AI agents require access to myriad data sources to operate effectively. This raises concerns about the collection, storage, access and usage of sensitive data. Consider the following:

• What type of data will the agent actually or potentially need? Is sensitive data adequately protected by confining the agent activity within secure perimeters to prevent data exfiltration?
• Are mechanisms in place to identify and preclude the AI agent from repurposing data without explicit authorization, such that for instance, when a user provides information for a particular purpose, it’s not then used for another purpose?
• What controls are in place to prevent data leakage? How can privacy enhancing technologies be leveraged here as a mitigant?
• Did the user / customer receive adequate notice and disclosure regarding how their data may be accessed and used by the AI agent, in line with applicable laws and regulations?
• Which preventative and detection controls may need to be implemented to verify whether AI agents are complying with relevant data protection laws and regulations, including those pertaining to digital sovereignty, where applicable?

Next steps

As AI agent use case development and implementation is still in nascent stages, it’s important to start thinking through how these considerations can be addressed, so that organizations can harness the transformative potential of AI agents while mitigating potential risks and building trust with users and stakeholders. Importantly, consider the security measures that apply to the AI infrastructure overall, as well as to each of the applications and data sources the AI agent would need to access. 

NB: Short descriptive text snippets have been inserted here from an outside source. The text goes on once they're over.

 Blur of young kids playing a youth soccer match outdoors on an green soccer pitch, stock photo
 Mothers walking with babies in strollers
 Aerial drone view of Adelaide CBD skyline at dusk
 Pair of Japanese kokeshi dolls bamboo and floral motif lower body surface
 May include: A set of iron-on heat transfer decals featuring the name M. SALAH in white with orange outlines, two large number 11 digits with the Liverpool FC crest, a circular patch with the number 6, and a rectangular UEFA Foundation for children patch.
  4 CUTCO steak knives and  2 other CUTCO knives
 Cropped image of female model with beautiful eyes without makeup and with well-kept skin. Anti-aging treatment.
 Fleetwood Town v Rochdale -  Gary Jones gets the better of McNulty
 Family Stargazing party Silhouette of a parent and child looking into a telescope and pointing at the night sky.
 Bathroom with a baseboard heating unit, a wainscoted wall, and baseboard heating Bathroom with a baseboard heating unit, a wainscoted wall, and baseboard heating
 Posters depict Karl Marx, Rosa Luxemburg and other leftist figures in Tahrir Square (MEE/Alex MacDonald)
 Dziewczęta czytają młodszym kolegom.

As a conceptual starting point, irrespective of what form of AI is being implemented, good security hygiene is paramount. Take a look at Google’s Secure AI Framework and best practices for securing the data, model, application and infrastructure. 

Further, as you build and manage AI agentic systems, the interconnectivity amongst AI agents necessitates a standardized communication mechanism to enable interoperability. Google was proud to announce the Agent2Agent Protocol, noting “this first-of-its-kind open standard enables AI agents built by different vendors or on different frameworks to securely communicate, exchange information and coordinate actions across various enterprise platforms.”